## What the task requires
Please return the whole listing. Keep each line exactly the same.

## Source material
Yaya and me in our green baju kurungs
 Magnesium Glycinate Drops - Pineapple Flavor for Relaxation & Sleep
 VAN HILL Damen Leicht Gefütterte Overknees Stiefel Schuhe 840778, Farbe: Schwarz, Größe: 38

## Exercise output
Yaya and me in our green baju kurungs
 Magnesium Glycinate Drops - Pineapple Flavor for Relaxation & Sleep
 VAN HILL Damen Leicht Gefütterte Overknees Stiefel Schuhe 840778, Farbe: Schwarz, Größe: 38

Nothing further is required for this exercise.